DAV member Dr. Tom Waters explained the purpose of the chosen date, detailing that the very first Purple Heart was issued Aug. 7, 1782 by General George Washington, before introducing the commanders and commandant of the veterans’ organizations in attendance. These included Cardarelli, Jose Telles of Marine Corps League Detachment #1199, Lance Roy Schaus of the American Legion Post #22 and Dan Peterson of the Military Order of the Purple Heart Chapter #730.

The ceremony kicked off with the opening prayer from DAV Chaplain Phillip Canepa, followed by the posting of the colors by the Marine Corps League Honor Guard. A rendition of the national anthem was sung by Ginger Davis Forbes, accompanied by her band before the guest speakers took to the microphone.

Nevada Senator Pete Goicoechea was the first to speak. “Thank you all for your service. When you are here in a community like Pahrump where nearly 25 percent of the constituency are veterans, it’s huge,” Goicoechea said. “Again, there is no way this state or this nation can repay the services of our veterans. It is not enough to say thank you for your service. Thank you for your pain and suffering. That came at a price, for the defense of this nation.”

Nye County Commission Chairman John Koenig followed, also offering his profound gratitude to those who have served. “I am thankful to all of our armed service members, especially those who have given their blood for our country. It takes a special person with deep conviction and purpose to fight today’s battles as it did in Vietnam and every war,” Koenig said.
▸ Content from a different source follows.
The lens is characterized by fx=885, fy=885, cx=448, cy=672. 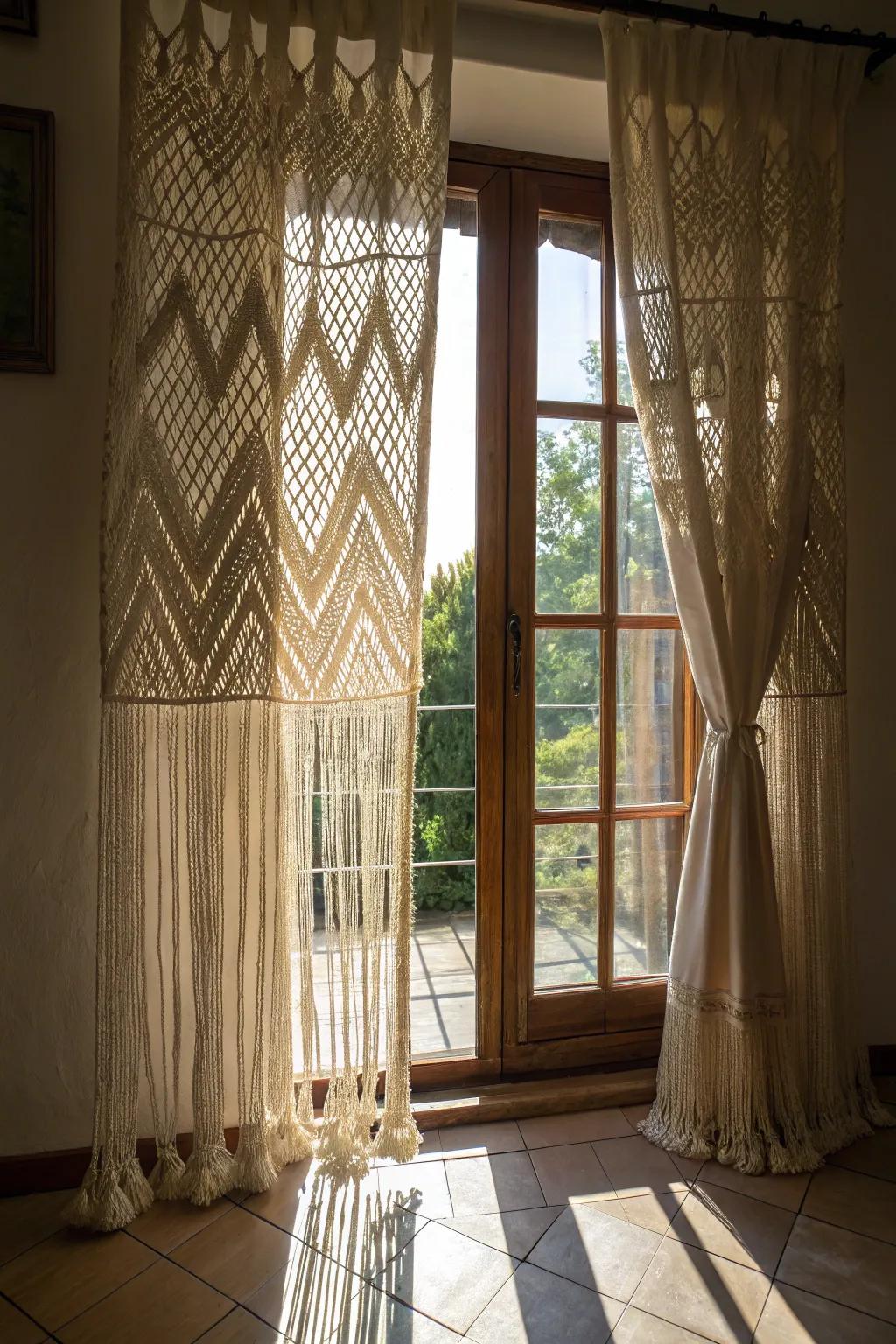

Nye County Commission Vice Chair Dan Schinhofen spoke next, followed by Nye County District Attorney Angela Bello, Nye County Sheriff Sharon Wehrly and former Pahrump Town Manager Susan Holecheck. Each added their thoughts to the ceremony as well, extending appreciation to those who organized the event and particularly to Gold Star family members and Purple Heart recipients.

At the conclusion of her speech, Wehrly left the audience with a poignant thought. “’God and the soldier, all men adore, in times of danger and not before. When the danger is passed and all things are righted, God is forgotten and the soldier is slighted.’ That came from Pete Rodgers, son of a British commandant and it’s very true. We cannot let that happen. May we never, ever forget those people who stood up and were counted, who are still standing today and whose memories we should never, never forget.”

Last to take to the podium was Military Order of the Purple Heart Commander Peterson, the keynote speaker for the evening.

Peterson’s group was the main resource that allowed the town of Pahrump and Nye County to become Purple Heart entities, offering to sponsor the town and county in its pursuit of those designations.

Waters thanked Peterson profusely and he, in turn, congratulated the town and county on its dedication to veterans.

One of the most emotional features of the Purple Heart event was undoubtedly the POW/MIA ceremony. A solitary table had been laid with several symbolic items, which Waters explained as attendees looked on.

“This table set for one is small,” Waters said. “Symbolizing the frailty of one prisoner alone against his oppressors. Remember.”

The white tablecloth, Waters said, represents purity, the single red rose is a reminder of the friends and family who await the return of prisoners of war or those missing in action.

“The candle is lit symbolizing the upward reach of their incomparable spirit,” Waters continued.

“A slice of lemon is on the bread plate to remind us of their bitter fate. There is salt upon the bread plate, symbolic of the family’s tears as they wait. The glass is inverted, they cannot toast with us this night. The chair is empty, they are not here. Remember.”

The event included two additional patriotic performances by Forbes and her band as well as “Taps,” played by Tom Saitta, the traditional ID/dog tag and wreath ceremonies and a 21-gun salute by the Marine Corps League and was capped off with a closing prayer before attendees began to mingle for a few moments in reverie and camaraderie.